--- EXERCISE REQUIREMENTS ---
The expected answer is a verbatim transcription of the lines below, beginning with the first and ending with the line that holds "Longvadon Caiman Series", without pictures.

#### DATA FOR THE TASK ####

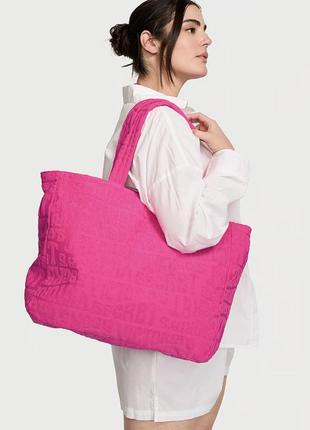 Велика вмістка сумка victoria's secret pink fuchsia terry tote bag1 фото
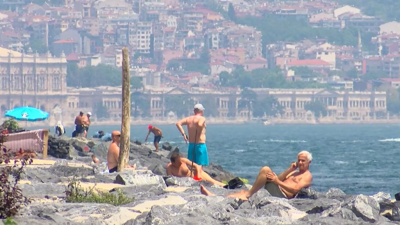 Sıcaktan Bunalan İstanbullular Deniz Sezonunu Açtı: "Bir Haftada Bronzlaştım, Simsiyah Oldum"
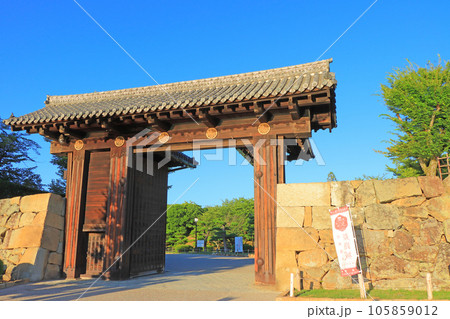 国宝姫路城、大手門の風景 国宝姫路城、大手門の風景 105859012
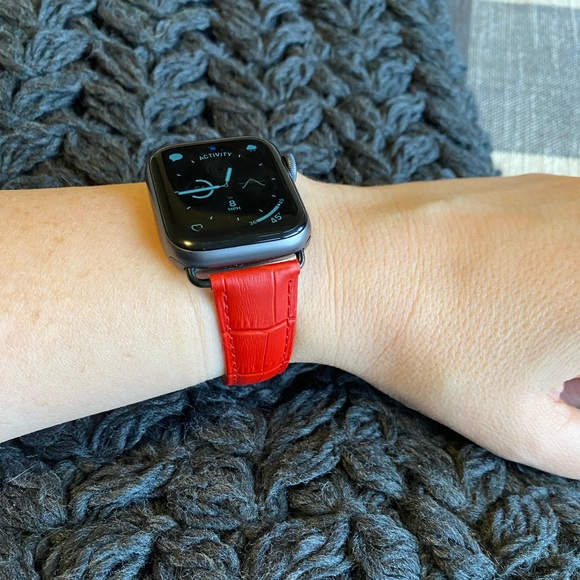 Longvadon Caiman Series Crimson Red (medium) with Black Details Apple Watch Band - Picture 3 of 10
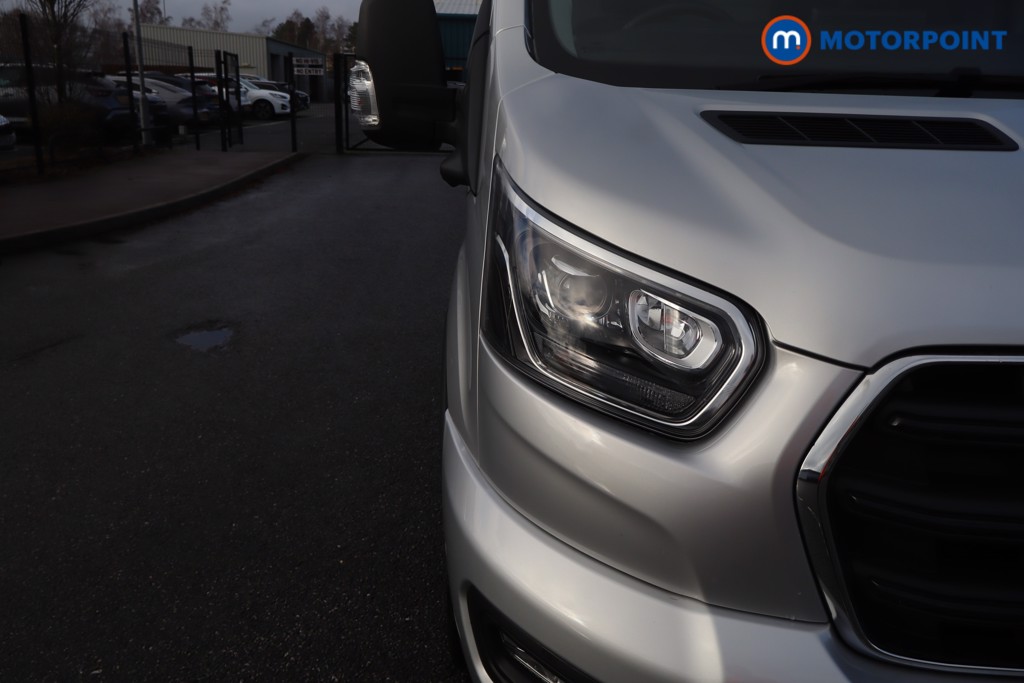 Ford Transit Limited Manual Diesel Medium Roof Van - Stock Number (1594783) - 24th supplementary image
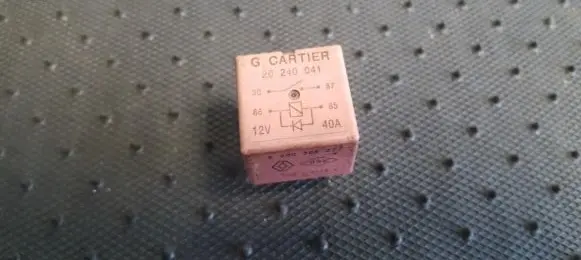 Renault Scenic II - Grand scenic II Other relay 8200308271 20240041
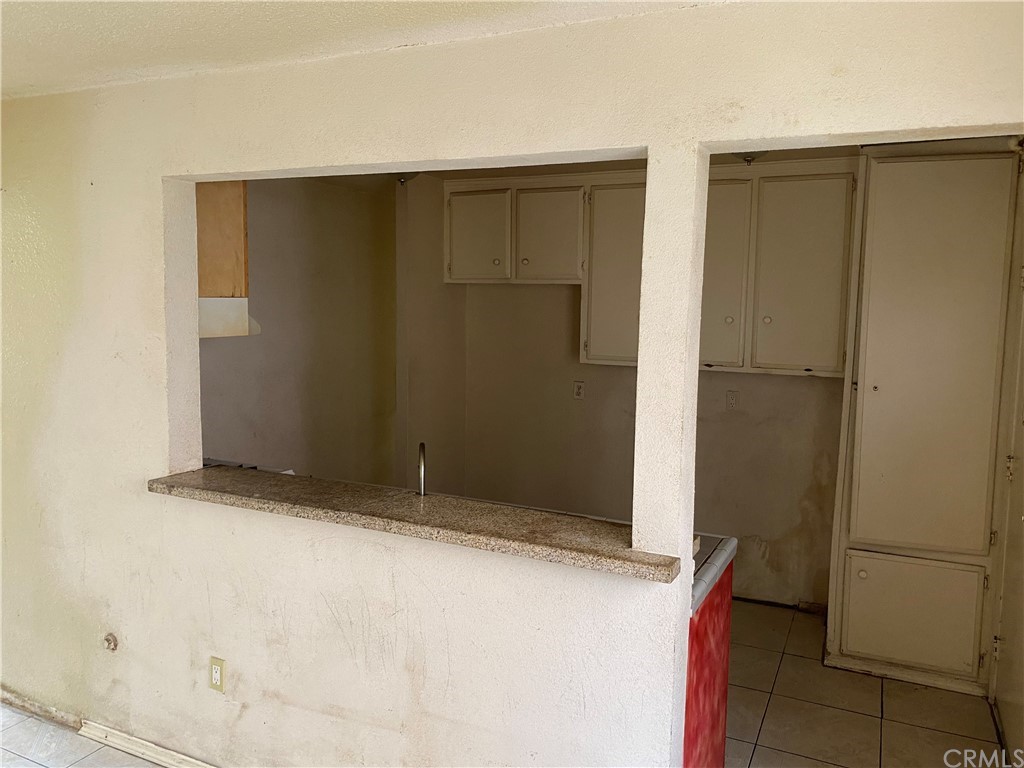 823 East 75th Street Los Angeles, CA 90001 - Photo 10 of 13 a view of an empty room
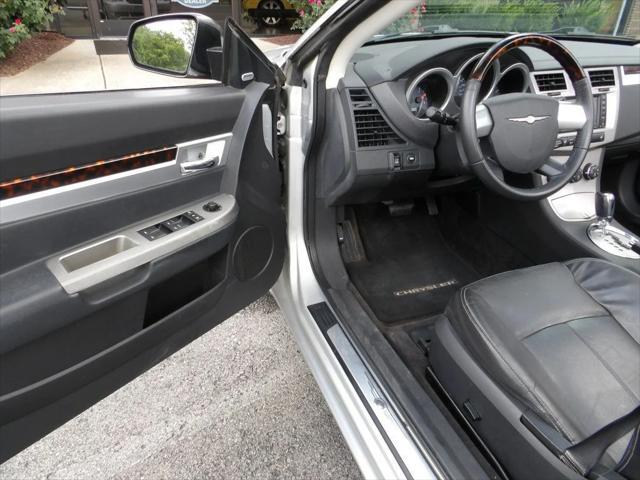 Photo of 2010 Bright Silver Metallic Chrysler Sebring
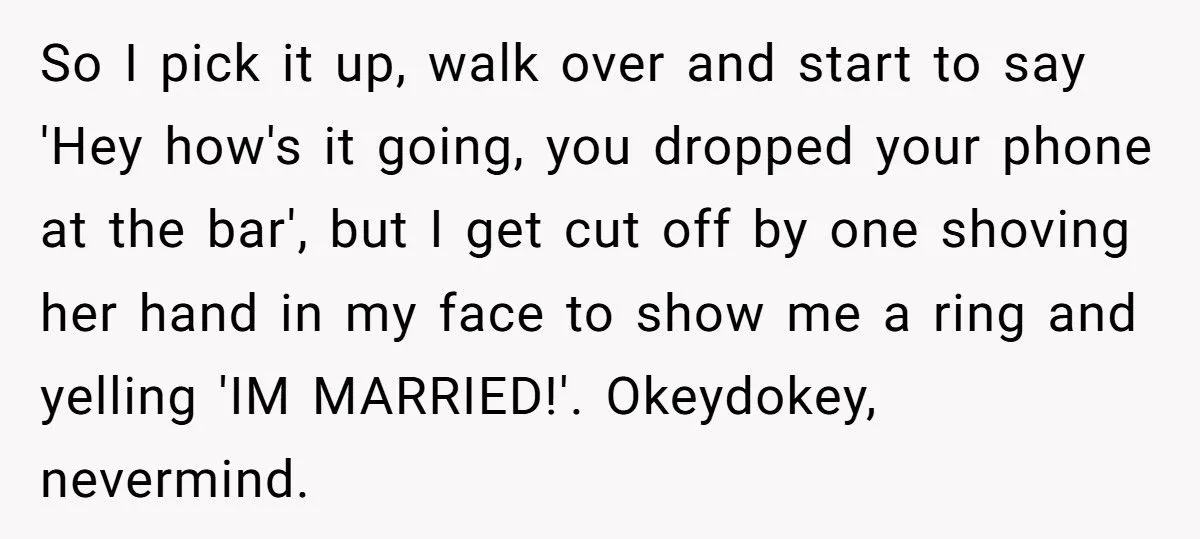 Man Asked Politely For Barstool, Woman Assumes He’s Flirting, His Comeback Left Her Red-Faced Generated by Aubtu.biz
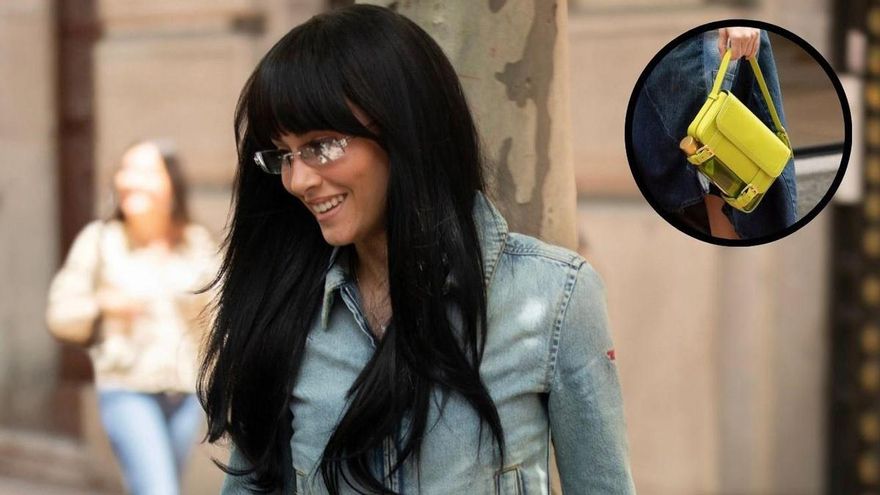 Aitana ha sorprendido estrenando un nuevo bolso en color amarillo con una botella de aceite incorporada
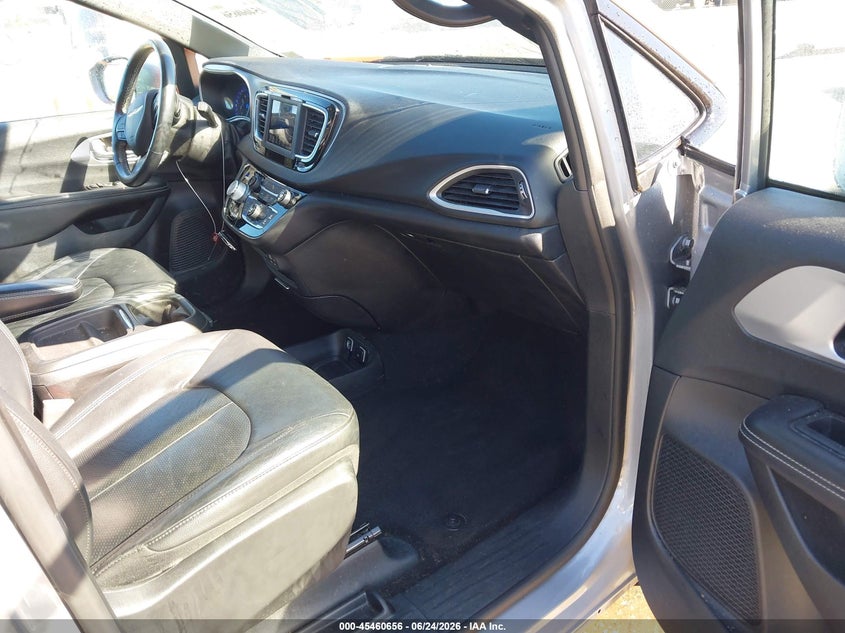 CHRYSLER PACIFICA 2020 VIN 2C4RC1BG0LR290636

####

--- WRITTEN RESPONSE ---
 Велика вмістка сумка victoria's secret pink fuchsia terry tote bag1 фото
 Sıcaktan Bunalan İstanbullular Deniz Sezonunu Açtı: "Bir Haftada Bronzlaştım, Simsiyah Oldum"
 国宝姫路城、大手門の風景 国宝姫路城、大手門の風景 105859012
 Longvadon Caiman Series Crimson Red (medium) with Black Details Apple Watch Band - Picture 3 of 10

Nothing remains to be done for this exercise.